House Speaker Nancy Pelosi on Monday night dropped her staunch opposition to a vote on offshore oil drilling in the House.
Republicans, reacting to high gas prices, have demanded a vote on additional oil exploration in the Outer Continental Shelf, where drilling is currently blocked by a moratorium. Until now, Pelosi (D-Calif.) has resisted the idea as a “hoax.” But in an interview on CNN’s Larry King Live, she indicated that she was open to a vote.
“They have this thing that says drill offshore in the protected areas,” Pelosi said. “We can do that. We can have a vote on that.”
She indicated such a vote would have to be part of a larger package that included other policies, like releasing oil from the Strategic Petroleum Reserve, which she said could bring down prices in a matter of days.
“But it has to be part of something that says we want to bring immediate relief to the public and is not just a hoax on them,” Pelosi continued.
She even indicated that she might support a package that includes drilling. She said her decision on whether to support such legislation would depend on how the policies are packaged.
“It’s not excluded, let’s put it that way,” Pelosi said.
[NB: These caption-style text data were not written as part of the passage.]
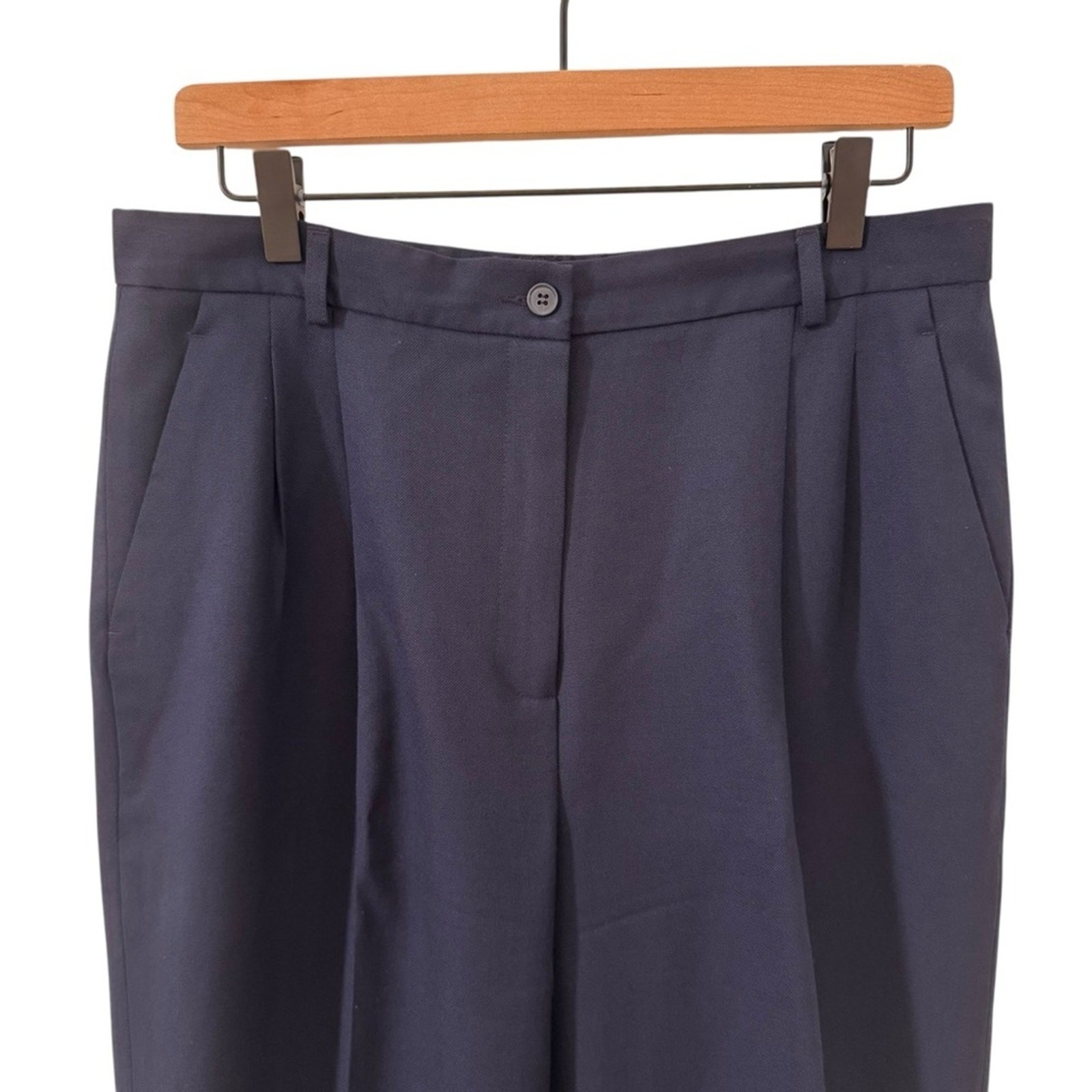 Pendleton 100% Virgin Wool Lined Pleated Navy Dre… - image 2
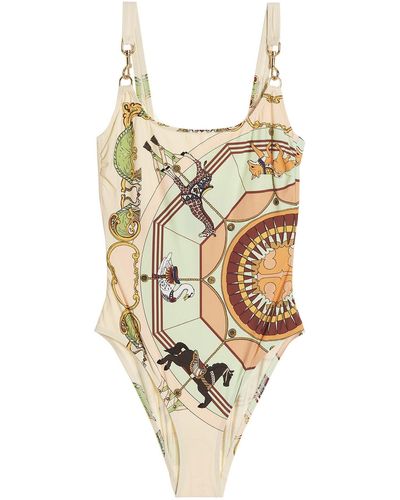 Tory Burch All-over Print One-piece Swimsuit - Metallic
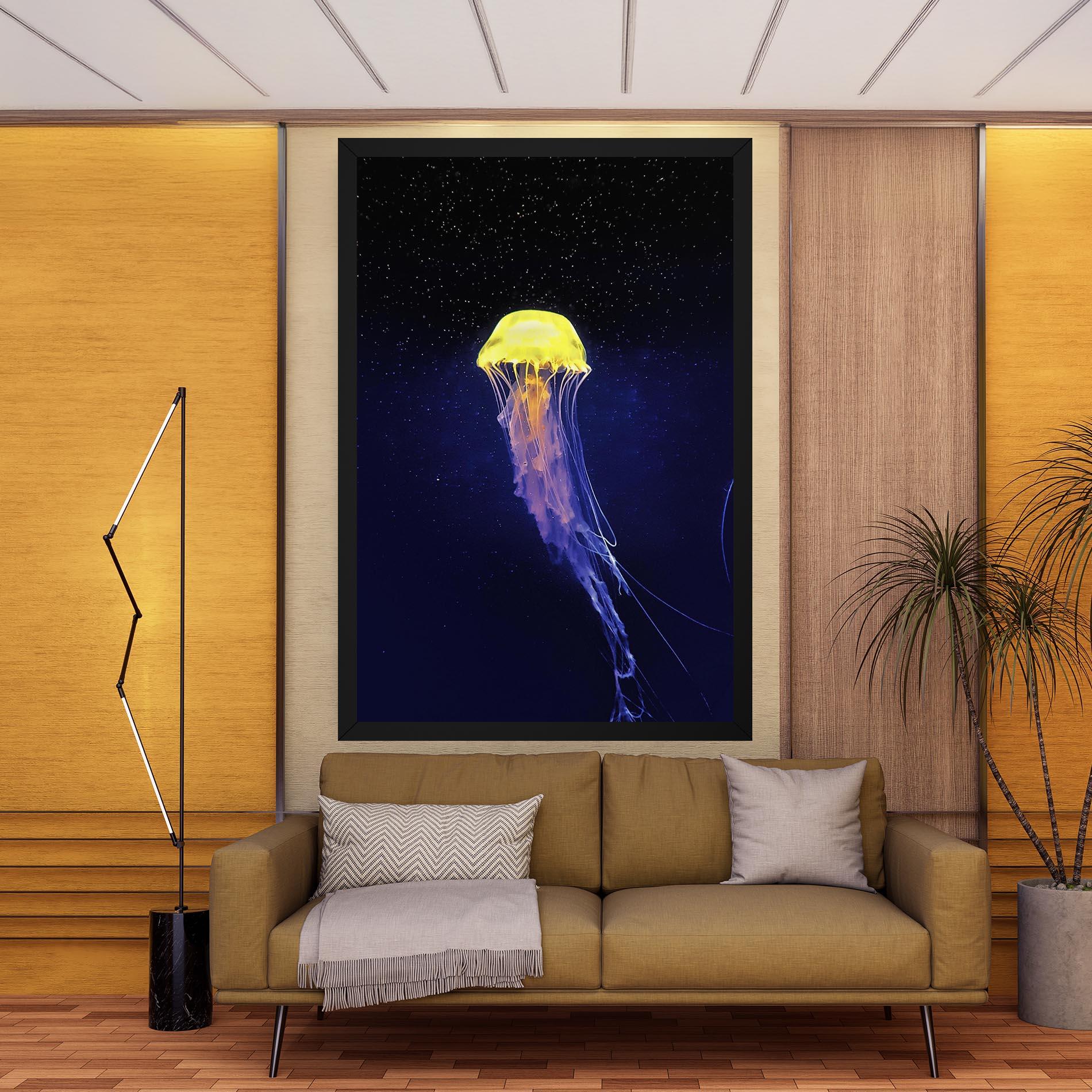 Tablou Canvas Purple Jellyfish mockup 9
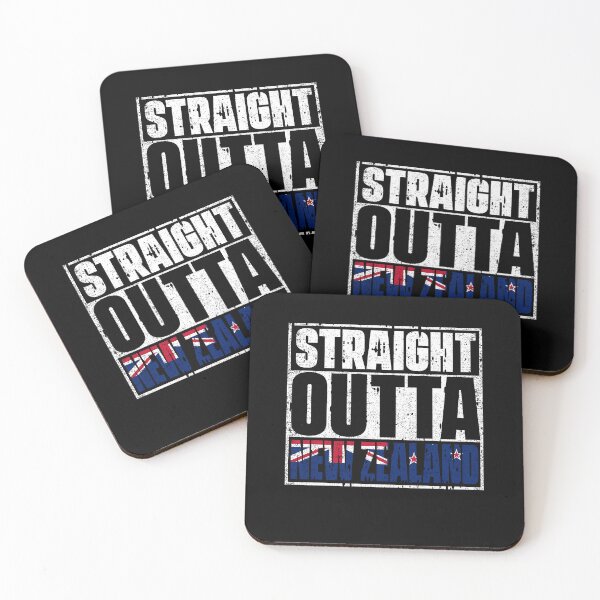 Item preview, Straight Outta New Zealand Flag designed and sold by CosmoKitsch.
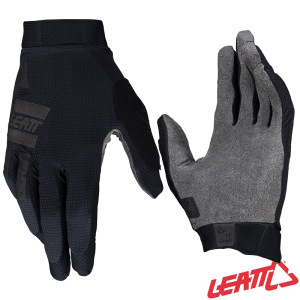 Dětské rukavice Leatt MTB 1.0 GripR Junior Glove Stealth 2024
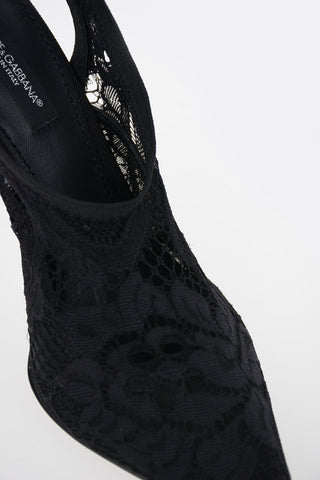 Slingbacks in Pizzo 10cm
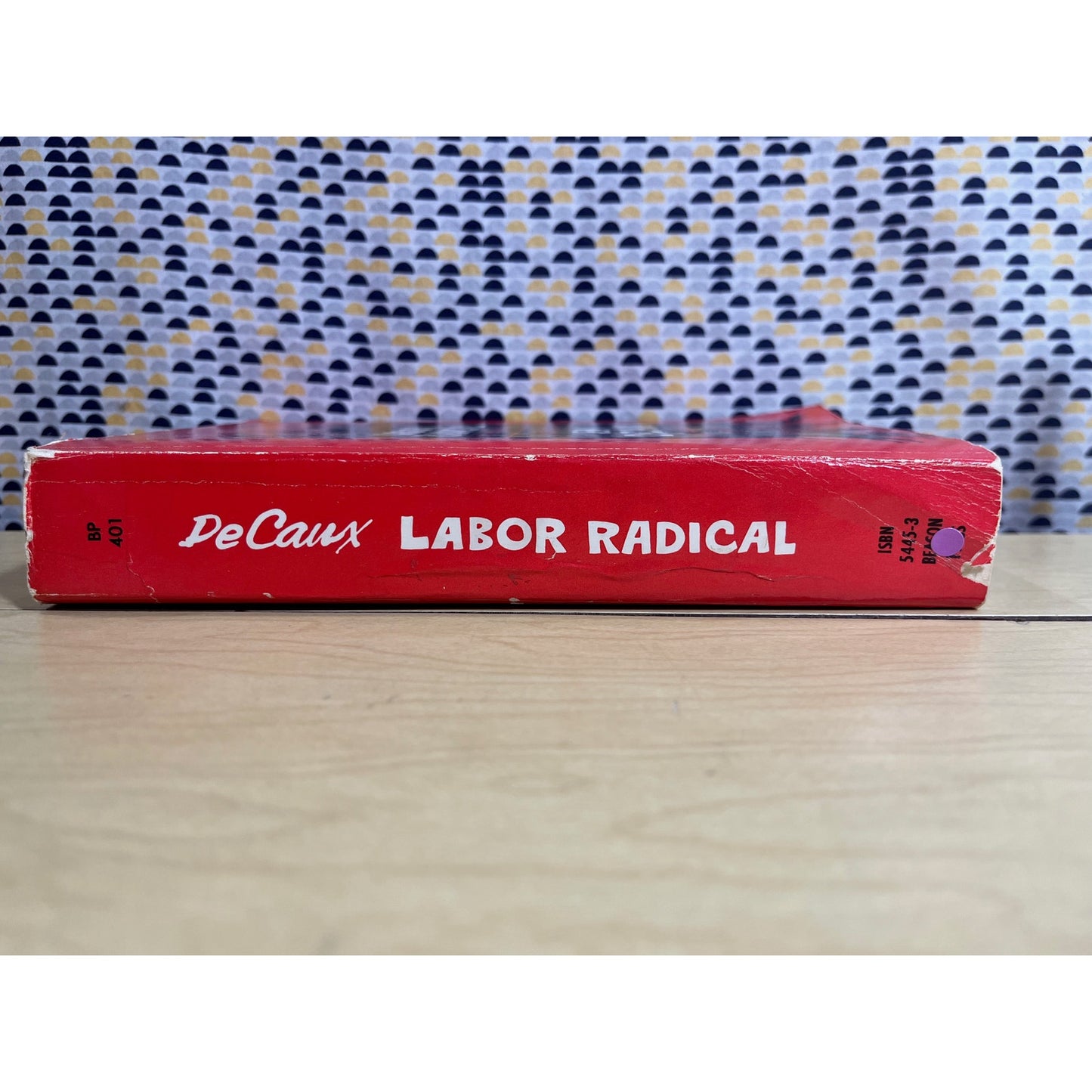 Labor Radical - From the Wobblies to CIO - Len De Caux - Vintage Paperback Book - Beacon Press Boston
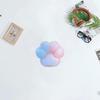 Rainbow Blue Big 5in Squishy Cat Paw Squeeze Toys,Cute Kawaii Squishies,Fur Ball,Jelly Kitty Paw Squishy Funny for All Ages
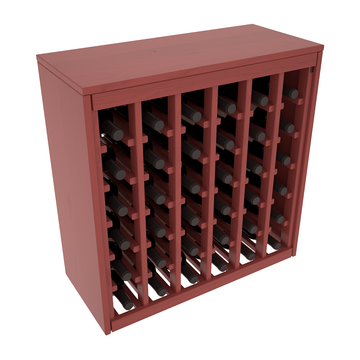 Living Series - 36 Bottle Deluxe Rack in Pine Cherry stained with WineSafe™ Satin Sealant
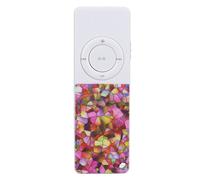 Qcwwy Slim Mini MP3 Player ABS Material Long Battery Life 64GB Memory Slot for Music Enthusiasts and Active Lifestyles Portable Audio Video (d1)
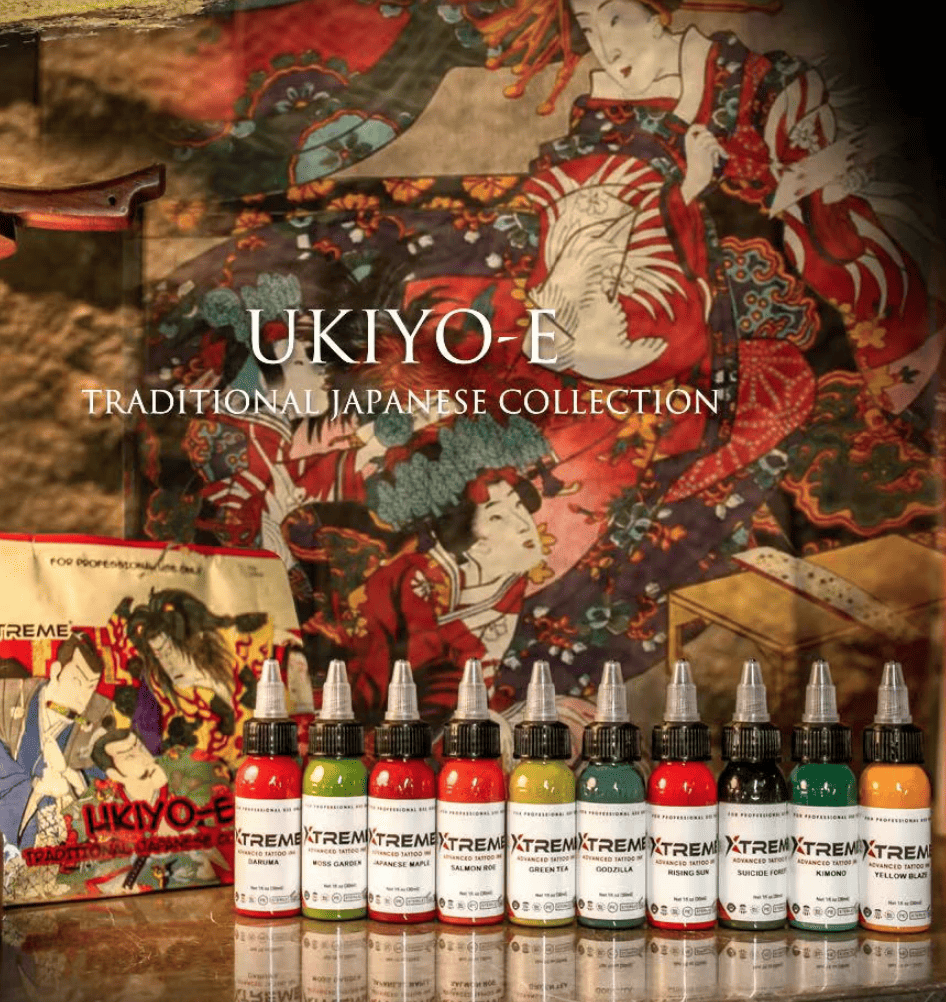 Xtreme UKIYO-E Traditional Japanese Colour Set of 10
This is but the first hint that Republican efforts to highlight the Speaker’s intransigence have worked. There will doubtless be other indications as well. The beauty of this from the Republican standpoint is that the Democrats’ constituency will consider this a betrayal on the Speaker’s part, thus dividing the Democratic coalition. Additionally, if Democrats conspire to vote down efforts to drill offshore, Republicans have an issue to take into the fall. If the proposal passes, Republicans will take credit. It is win-win.
It just goes to show what a determined House Republican caucus can achieve. One can easily expect other efforts to push back against the Speaker’s agenda to cause her to reverse herself and to demoralize the Democrats’ coalition in an election year that may well be closer than conventional wisdom adherents think it will be.